Closed FelixTheStudent closed 3 years ago

FelixTheStudent commented 3 years ago

Problem: For large data set (MS data from Schirmer group, for example), the interactive commands (rule + plot_last) are permissively slow.

Solution: Precomputing the totalUMI S would speed things up for the MS data set, since raw is in gene-wise HDF5Array format (so cell-wise computations take long).

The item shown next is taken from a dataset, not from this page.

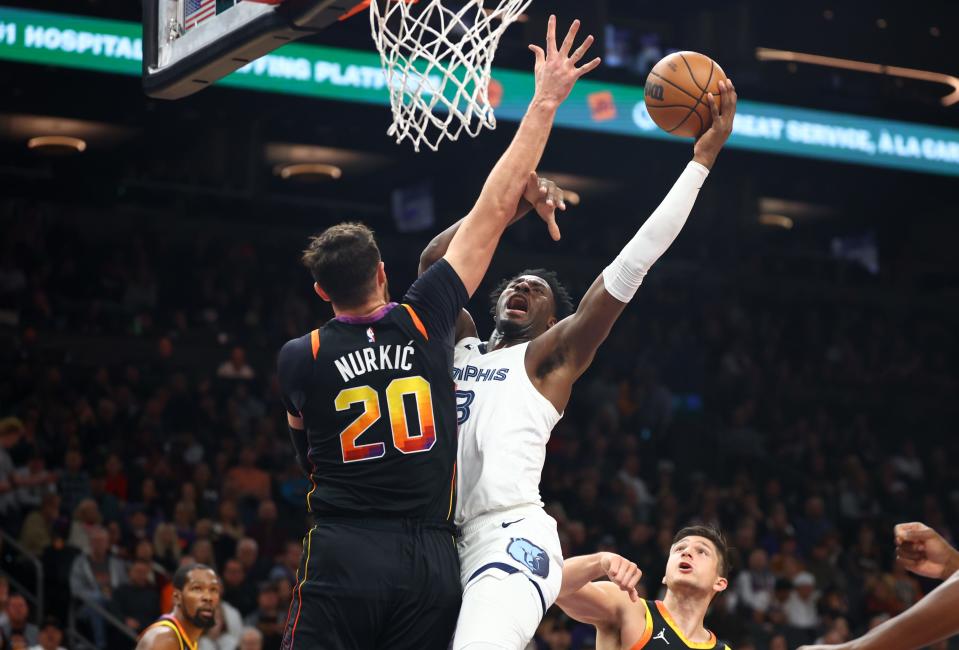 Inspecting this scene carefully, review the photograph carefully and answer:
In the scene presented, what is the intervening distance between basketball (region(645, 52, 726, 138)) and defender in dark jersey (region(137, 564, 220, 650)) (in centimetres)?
332

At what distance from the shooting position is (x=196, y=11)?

I found it unnecessary to precompute K when using an NxN neighbor graph (SNN > .1), since that uses matrix multiplication which is incredibly fast. I still have to test an Nxk neighbor graph (i.e. matrix with indices of kNN for each cell), that might be slower.

Both cases could be solved with something like this:

obj <- list(raw, neighbors, embedding)
obj <- precompute(obj)  # computes S
obj <- precompute(obj, genes=c("PLP1", "AQP1") # precomputes genes
FelixTheStudent commented 3 years ago

I will close this issue because a separate precompute function at this point is an overkill, for the following reason:

Here is some quick code (in part taken from evaluate_rule) which I used to show that pooling with Nxk neighbors is instant (on my laptop):

library(dataMS)
x <- ms_raw[, "PLP1"]

NxN_neighbors <- as(ms_snn, "dgCMatrix") > .1
as.numeric( as(NxN_neighbors, "dgCMatrix") %*% x ) 

Nxk_neighbors <- ms_nn$idx
rowSums(matrix(data=x[c(Nxk_neighbors)], ncol=ncol(Nxk_neighbors)))
FelixTheStudent commented 3 years ago

I close this issue for the above reasons. Cheers!